Building Stateful Apps with Serverless Functions and Postgres

How should your serverless functions interface with a database to manage application state?

This post explores the different ways to deal with application state when writing business logic in serverless functions. We'll primarily use Postgres as the database when talking about these different approaches, and often use Hasura as one of the glue solutions between your serverless functions and your Postgres database. However, the ideas in this post are generic and can be carried forward to your favourite database solution.

TL;DR

Approach #1: Connect to Postgres directly from your serverless function
Approach #2: Use BaaS APIs from your serverless function
Approach #3: Trigger serverless functions on Postgres events with rich event payloads
Approach #4: Combine approaches above and use Postgres to orchestrate a workflow with the serverless functions driving state transitions

Introduction

Serverless platforms do not allow the developer to write code that holds any long-term state. This is because the serverless runtime is launched on-demand and is short-lived i.e. all the resources are deallocated after a request is completed.

These are few examples of things that you can't approach in the same way you did when you were writing a normal API server and may take for granted:

Writing to disk directly, like saving a file to a folder
A global variable that holds information across multiple requests, say a counter that keeps track of how many requests this API server has seen.
A database connection pool that your API server maintains with a database even when there are no requests

In this post, we explore some of patterns with real world use-cases which can help you in building your next app with serverless functions. Let's cover them one-by-one!

1. Connect to Postgres directly

The most common way to store application state for a server-side application is by using a database. However, connecting to a database directly from a serverless function naively is not the wisest idea, because while you can suddenly invoke a 1000 serverless functions, the database can't suddenly scale to creating a 1000 database connections.

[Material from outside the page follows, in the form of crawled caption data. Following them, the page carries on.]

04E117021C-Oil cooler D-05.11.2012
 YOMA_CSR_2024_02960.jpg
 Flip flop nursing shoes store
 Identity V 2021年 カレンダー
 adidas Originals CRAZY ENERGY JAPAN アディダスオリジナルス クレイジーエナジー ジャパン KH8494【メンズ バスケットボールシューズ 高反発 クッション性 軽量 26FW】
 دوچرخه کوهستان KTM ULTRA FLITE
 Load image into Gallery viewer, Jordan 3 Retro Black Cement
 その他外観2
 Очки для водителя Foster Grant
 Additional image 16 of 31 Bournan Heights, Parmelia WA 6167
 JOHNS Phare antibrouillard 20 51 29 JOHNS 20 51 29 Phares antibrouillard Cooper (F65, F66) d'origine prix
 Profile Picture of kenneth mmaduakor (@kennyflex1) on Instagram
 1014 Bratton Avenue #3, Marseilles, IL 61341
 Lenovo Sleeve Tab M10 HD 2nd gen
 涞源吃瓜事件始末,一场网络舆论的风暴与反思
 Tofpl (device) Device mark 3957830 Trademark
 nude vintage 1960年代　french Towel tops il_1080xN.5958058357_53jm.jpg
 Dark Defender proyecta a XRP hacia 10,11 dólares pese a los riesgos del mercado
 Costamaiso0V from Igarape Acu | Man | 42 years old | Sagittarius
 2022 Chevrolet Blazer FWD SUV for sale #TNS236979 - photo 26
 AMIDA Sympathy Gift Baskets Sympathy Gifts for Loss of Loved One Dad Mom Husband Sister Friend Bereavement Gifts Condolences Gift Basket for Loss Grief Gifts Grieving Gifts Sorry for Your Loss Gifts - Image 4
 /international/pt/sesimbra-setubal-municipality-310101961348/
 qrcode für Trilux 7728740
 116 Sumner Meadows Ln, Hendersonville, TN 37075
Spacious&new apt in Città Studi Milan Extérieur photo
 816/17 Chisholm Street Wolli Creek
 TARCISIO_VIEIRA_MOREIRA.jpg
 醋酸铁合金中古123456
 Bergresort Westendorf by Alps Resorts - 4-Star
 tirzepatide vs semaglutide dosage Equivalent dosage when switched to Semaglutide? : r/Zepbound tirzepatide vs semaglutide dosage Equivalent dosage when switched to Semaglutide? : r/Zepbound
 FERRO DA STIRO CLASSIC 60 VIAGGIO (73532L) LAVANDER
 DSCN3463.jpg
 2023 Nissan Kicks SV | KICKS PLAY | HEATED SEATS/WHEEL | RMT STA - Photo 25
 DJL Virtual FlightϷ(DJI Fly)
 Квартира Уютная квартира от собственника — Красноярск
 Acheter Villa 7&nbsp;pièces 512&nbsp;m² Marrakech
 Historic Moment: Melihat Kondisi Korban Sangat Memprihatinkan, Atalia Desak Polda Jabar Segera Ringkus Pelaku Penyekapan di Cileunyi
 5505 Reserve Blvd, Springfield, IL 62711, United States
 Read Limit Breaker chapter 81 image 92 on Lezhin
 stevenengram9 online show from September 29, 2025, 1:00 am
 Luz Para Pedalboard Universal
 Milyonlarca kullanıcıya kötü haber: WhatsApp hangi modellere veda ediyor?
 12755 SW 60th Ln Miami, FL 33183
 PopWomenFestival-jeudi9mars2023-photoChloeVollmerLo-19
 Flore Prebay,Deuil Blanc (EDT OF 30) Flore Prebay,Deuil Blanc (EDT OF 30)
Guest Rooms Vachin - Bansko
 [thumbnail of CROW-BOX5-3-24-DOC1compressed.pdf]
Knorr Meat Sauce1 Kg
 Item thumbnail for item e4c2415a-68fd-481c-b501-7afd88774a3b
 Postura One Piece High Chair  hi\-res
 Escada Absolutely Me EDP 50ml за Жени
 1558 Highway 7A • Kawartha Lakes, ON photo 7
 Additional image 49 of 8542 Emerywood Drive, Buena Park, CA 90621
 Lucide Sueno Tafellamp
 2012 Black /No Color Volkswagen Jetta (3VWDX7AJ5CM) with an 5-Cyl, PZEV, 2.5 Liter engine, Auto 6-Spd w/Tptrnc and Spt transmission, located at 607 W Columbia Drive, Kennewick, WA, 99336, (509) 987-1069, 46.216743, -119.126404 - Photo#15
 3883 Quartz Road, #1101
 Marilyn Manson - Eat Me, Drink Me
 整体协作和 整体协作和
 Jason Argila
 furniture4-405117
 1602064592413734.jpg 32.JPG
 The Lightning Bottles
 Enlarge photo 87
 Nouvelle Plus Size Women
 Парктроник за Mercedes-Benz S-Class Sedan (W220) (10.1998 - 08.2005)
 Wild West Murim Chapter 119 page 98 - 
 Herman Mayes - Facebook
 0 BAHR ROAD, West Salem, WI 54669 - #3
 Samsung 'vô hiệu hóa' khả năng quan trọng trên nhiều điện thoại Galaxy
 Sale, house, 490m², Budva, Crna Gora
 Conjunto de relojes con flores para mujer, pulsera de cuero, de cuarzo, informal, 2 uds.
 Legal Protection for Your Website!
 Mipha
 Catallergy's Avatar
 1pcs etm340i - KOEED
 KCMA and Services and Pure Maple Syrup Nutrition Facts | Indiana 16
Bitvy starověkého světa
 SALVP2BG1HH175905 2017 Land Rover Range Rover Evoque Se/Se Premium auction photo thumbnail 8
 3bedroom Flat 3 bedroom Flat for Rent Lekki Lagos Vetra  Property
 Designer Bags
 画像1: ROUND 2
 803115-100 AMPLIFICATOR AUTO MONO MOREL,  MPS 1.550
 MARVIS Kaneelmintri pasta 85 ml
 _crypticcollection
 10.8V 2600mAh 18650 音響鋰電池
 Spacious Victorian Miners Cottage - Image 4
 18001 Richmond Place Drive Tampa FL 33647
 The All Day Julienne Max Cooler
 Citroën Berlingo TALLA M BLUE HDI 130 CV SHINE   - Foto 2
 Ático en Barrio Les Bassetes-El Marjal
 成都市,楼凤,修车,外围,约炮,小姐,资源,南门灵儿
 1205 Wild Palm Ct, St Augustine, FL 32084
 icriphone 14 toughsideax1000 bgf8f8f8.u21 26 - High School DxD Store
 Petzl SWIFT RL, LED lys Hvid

Here are a few best practices to connect to Postgres to read/write data or run a database transaction from your serverless function:

Create a connection to your database by following the best practices from your cloud-vendor which helps serverless functions reuse a database connection across invocations (kind of like a connection pool):
Create your state in entirety at the beginning of the function.
- This is to avoid executing multiple calls to the database which can incur performance cost as well as running cost. Gwen Shapira talks more about such database access patterns in this blogpost: https://thenewstack.io/managing-state-in-serverless/
Try to use an ORM-free data layer as much as possible.
- This is because with ORMs, you need to define the data models first and you will have to do this for every function. This could mean writing lot of boilerplate and keeping all of them in sync with the underlying database. As you do this, you'll realise that you were better off writing a monolithic API server instead of serverless functions that were independent of each other!
- Consider using good SQL clients or no ORM clients like massivejs.
Consider using an external connection pooling agent for your database like pgBouncer
- If you are using DB transactions, then keep in mind the concurrency limits of your database. Transactions are costly and don't scale easily. Depending on your load, you may have to leverage a reliable external connection pooler like pgBouncer [0]. In fact, DigitalOcean provides its managed Postgres database with connection-pooling built-in [1].

2. Use BaaS APIs

One of the easiest ways to manage state is by not managing it yourself ? .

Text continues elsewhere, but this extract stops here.